- **TASK DIRECTIONS**: When you return the data, keep every line exactly as it is and leave out the pictures.
<<<<
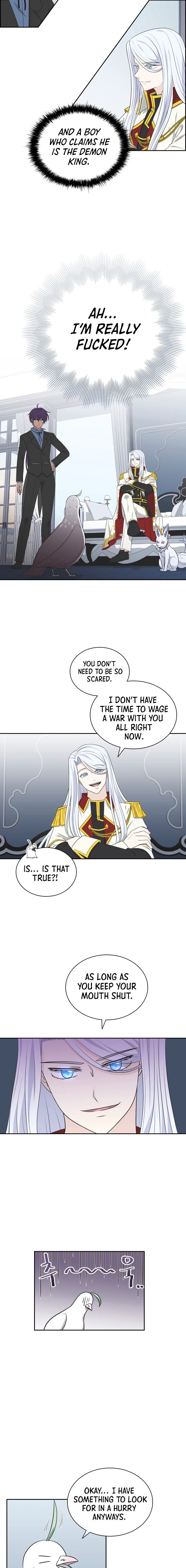 The Book of Lagier Chapter 15 page 8
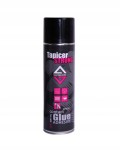 Klej Tapicer Strong Spray GLUE podsufitka, auto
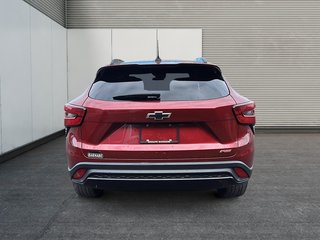 2024 Chevrolet Trax 2RS TOIT-OUVRANT in St-Jean-Sur-Richelieu, Quebec - 3 - w320h240cpx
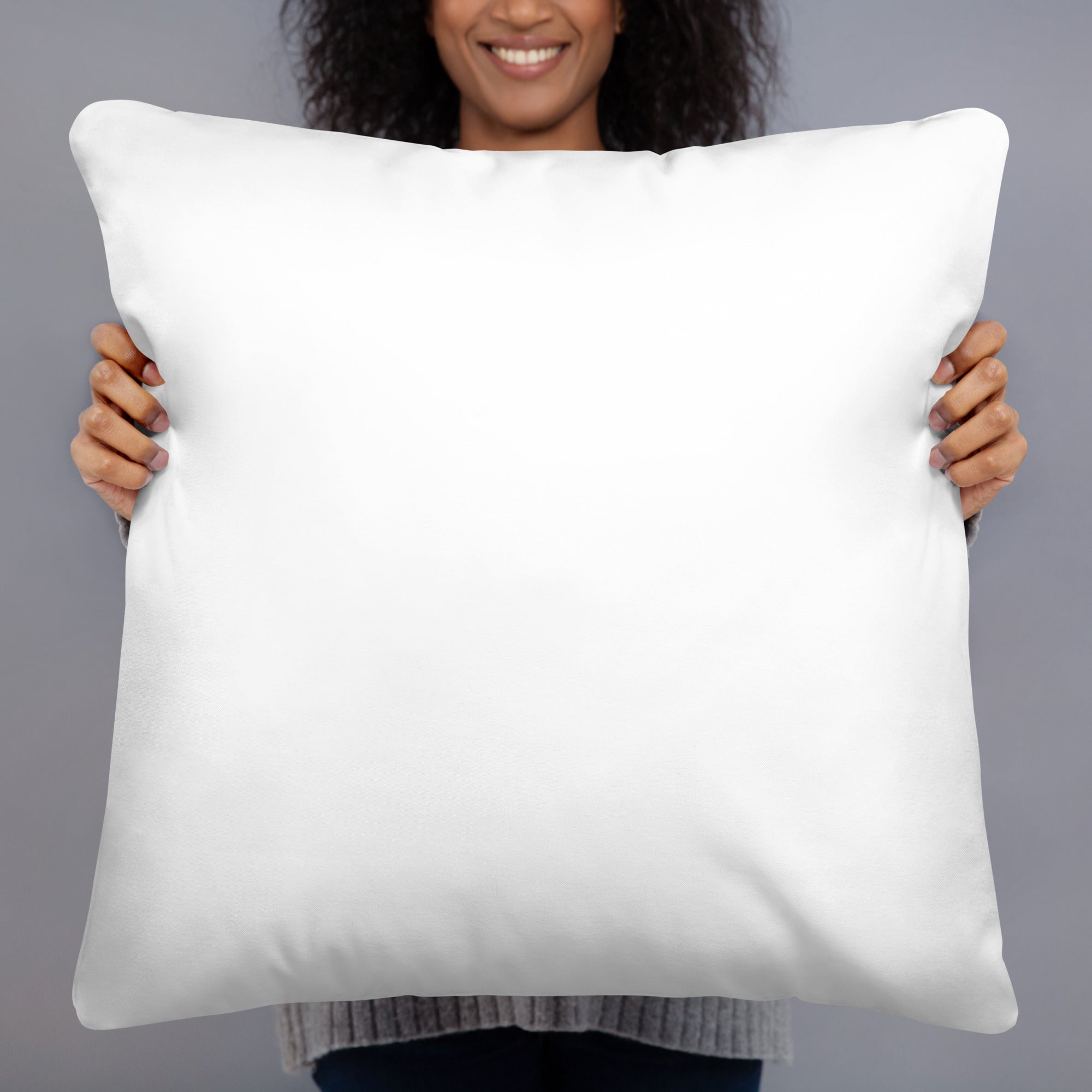 Basic Pillow - pokemaProduct mockup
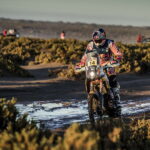 Dakar 2017 8th day 25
>>>>
- **PROBLEM SOLUTION**:
 The Book of Lagier Chapter 15 page 8
 Klej Tapicer Strong Spray GLUE podsufitka, auto
 2024 Chevrolet Trax 2RS TOIT-OUVRANT in St-Jean-Sur-Richelieu, Quebec - 3 - w320h240cpx
 Basic Pillow - pokemaProduct mockup
 Dakar 2017 8th day 25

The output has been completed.